La France quant à elle, malgré la prohibition des États-Unis, continue à produire du chanvre jusque dans les années 1950. Mais le développement des fibres synthétiques un peu partout dans le monde a drastiquement fait baisser cette production jusqu’à ce que l’industrie textile du chanvre ne meure de sa belle mort à la fin des années 1960. Durant ces années, les groupes rock et les hippies encouragent la consommation de cannabis. En 1970, les Rastas en Jamaïque consomment le cannabis pour communiquer avec leur Dieu; qu’ils considèrent comme la nourriture spirituelle.

Toujours dans les mêmes années, le cannabis est légalisé à Amsterdam tandis qu’en France, la détention et la consommation de cannabis relèvent du droit pénal, selon la Loi du 31 décembre 1970, relative aux mesures sanitaires de lutte contre la toxicomanie et à la répression du trafic et de l'usage illicite de substances vénéneuses.

En novembre 2018, l'Assemblée nationale vote le principe d'une contravention forfaitaire payable immédiatement de 200 € pour la détention d'une petite quantité de cannabis, le ministère public conservant la faculté de saisir le tribunal correctionnel où le contrevenant encourt un an de prison et 3 750 € d'amende. 

En juillet 2020, le Gouvernement annonce pour la « rentrée 2020 » la généralisation de cette contravention testée dans plusieurs villes comme Reims ou Rennes.
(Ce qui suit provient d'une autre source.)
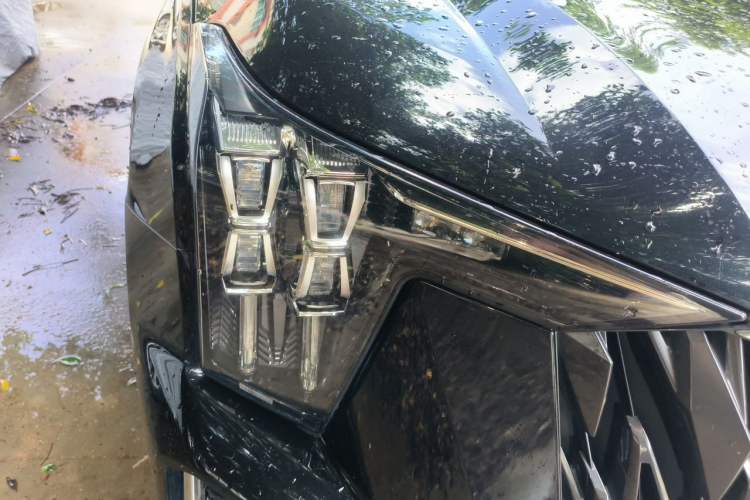 Used GAC Trumpchi GS8 2022 Dual-Engine Series 2.0TM Two-Wheel Drive Prestige Edition (7 Seats) Right Front Headlight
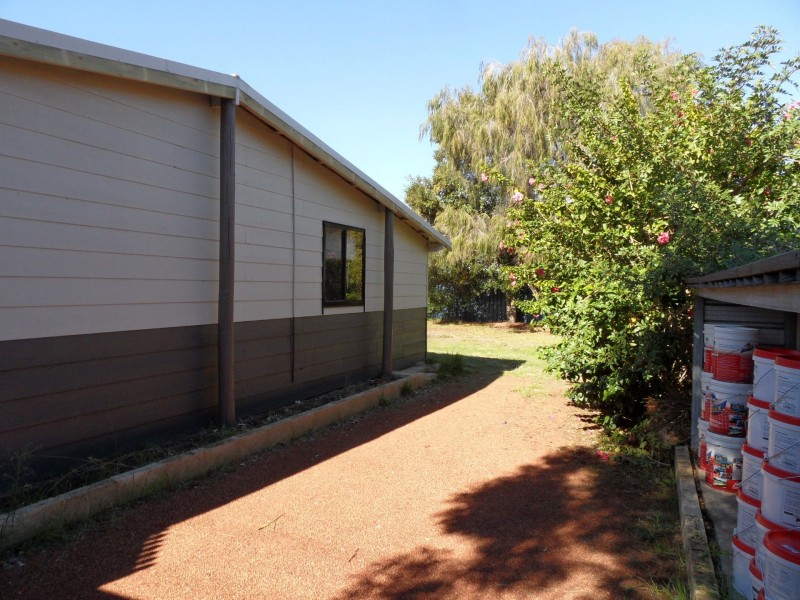 15 Murdoch Dve, Greenfields WA 6210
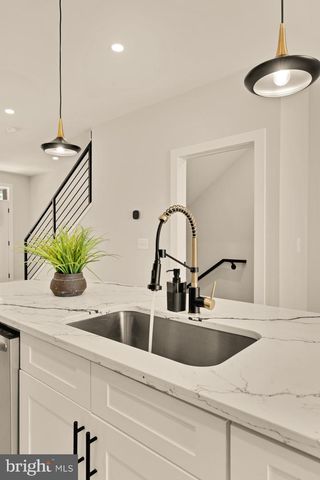 815 MARIETTA PL NW, Washington, DC 20011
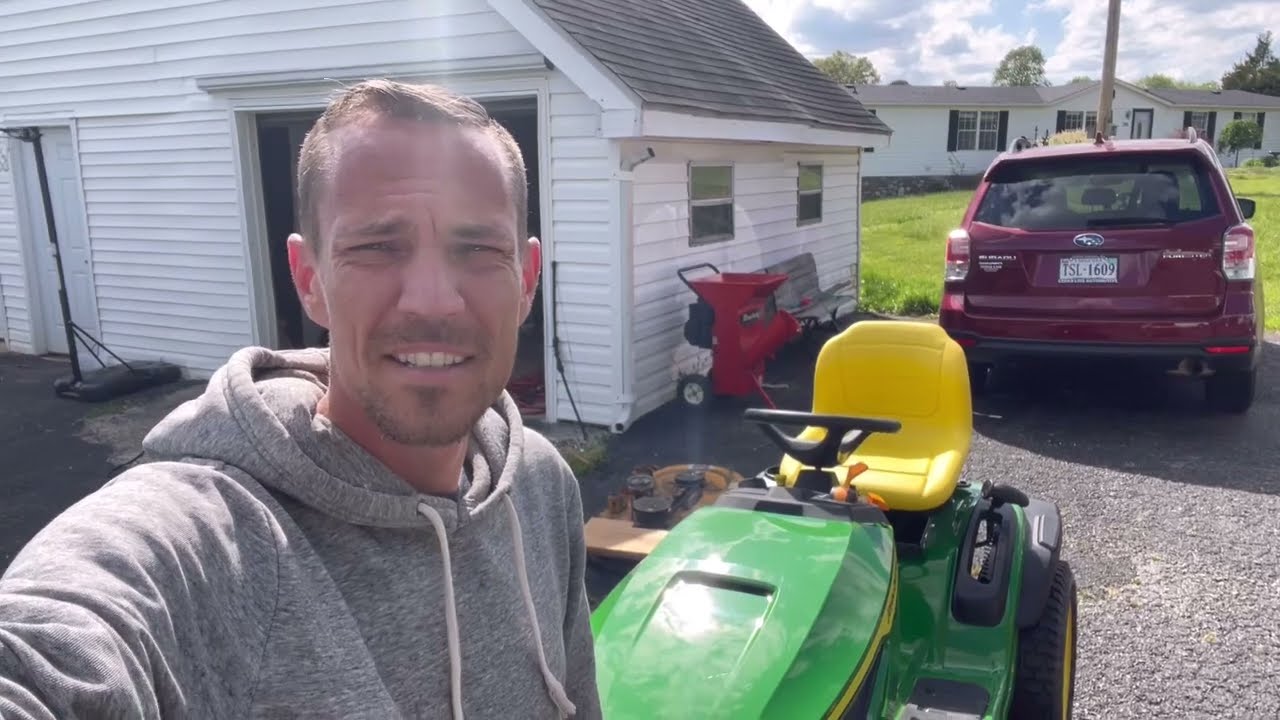 JOHN DEERE vs CUB CADET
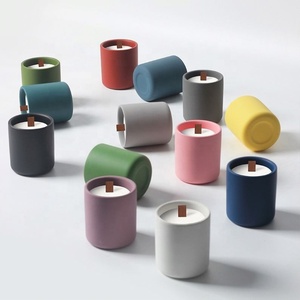 Ventes chaudes - Pots à bougies en béton mat, supports à bougies en céramique personnalisés de luxe, décoratifs pour Noël - Product Image 4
L’amende initiale de 200€ est minorée à 150 euros si elle est réglée sous quinze jours Au-delà de 45 jours, le contrevenant devra s’acquitter d’une majoration fixée à 450 euro

Le 30 décembre 2021, un arrêté paru au journal officiel annonçait que le gouvernement décidait d'encadrer l'utilisation industrielle et commerciale du chanvre.

Le 24 janvier 2022, le Conseil d’Etat suspend l’arrêté du 31 décembre 2021 sur l’interdiction de la vente de fleurs et de feuilles de chanvre.

Le CBD s’avère donc, à ce jour, tout à fait légal.